▶ _WORK TASK_:
A stretch of the entries below is to be set down exactly, running from the line with "Nun kann aber" through the line with "Mid-Century Modern Rattan", both included, and no other line.

▶ _INFORMATION SHOWN_:

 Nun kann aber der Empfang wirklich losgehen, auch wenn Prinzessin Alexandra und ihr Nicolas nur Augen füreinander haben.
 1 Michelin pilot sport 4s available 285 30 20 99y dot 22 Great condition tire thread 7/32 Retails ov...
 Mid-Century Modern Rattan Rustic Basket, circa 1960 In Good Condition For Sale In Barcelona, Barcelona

==

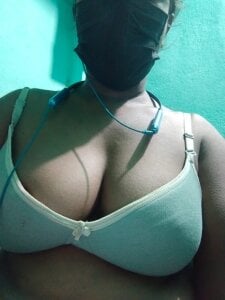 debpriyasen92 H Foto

▶ _SOLUTION_:
 Nun kann aber der Empfang wirklich losgehen, auch wenn Prinzessin Alexandra und ihr Nicolas nur Augen füreinander haben.
 1 Michelin pilot sport 4s available 285 30 20 99y dot 22 Great condition tire thread 7/32 Retails ov...
 Mid-Century Modern Rattan Rustic Basket, circa 1960 In Good Condition For Sale In Barcelona, Barcelona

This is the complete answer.